W niedzielę jechał BMW w obszarze zabudowanym 123 km/h. W poniedziałek był jeszcze szybszy i przez Adamów pędził z prędkością 126 km/h. Jak się tłumaczył?

Kilka minut po godzinie 17 w niedzielę (30 marca) 24-latek z gminy Serokomla jechał BMW przez miejscowość Poznań (w powiecie łukowskim) jechał z prędkością 123 km/h.
Otrzymał wówczas w „warunkach recydywy” 5000 złotych mandatu, 15 punktów karnych i stracił prawo jazdy.
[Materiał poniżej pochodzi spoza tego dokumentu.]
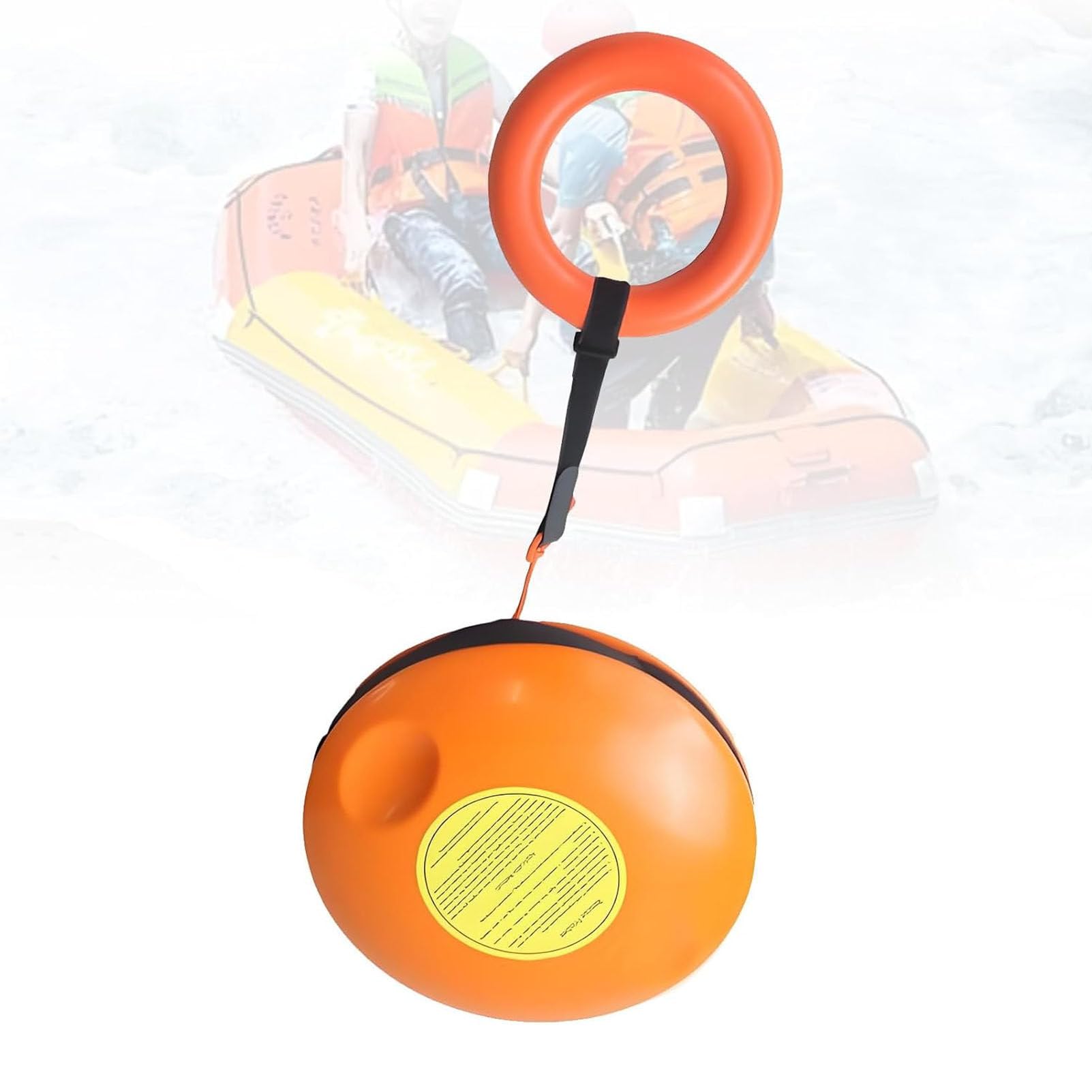 Rescue Frisbee Lot de 5 équipements de sauvetage d'eau avec corde et anneau en caoutchouc, dispositif de sauvetage pour la prévention de la noyade à la piscine, à la plage, au lac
Zatrzymane w ten sposób uprawnienia do kierowania pojazdami uprawniało go jeszcze przez 24 godziny do jazdy autem, do odprowadzenia samochodu do domu.
Skorzystał z tego.
W poniedziałek tuż po godzinie 15 policjanci z łukowskiej drogówki zatrzymali do kontroli drogowej w Adamowie to samo BMW. Tym razem 24-latek jechał w obszarze zabudowanym z prędkością 126 km/h.
Jak się tłumaczył?
Mówił, że niedawno kupił ten samochód i sprawdza jego możliwości.
Policjanci nałożyli na niego mandat karny w „warunkach recydywy”: znów 5000 złotych. Plus kolejne 15 punktów karnych.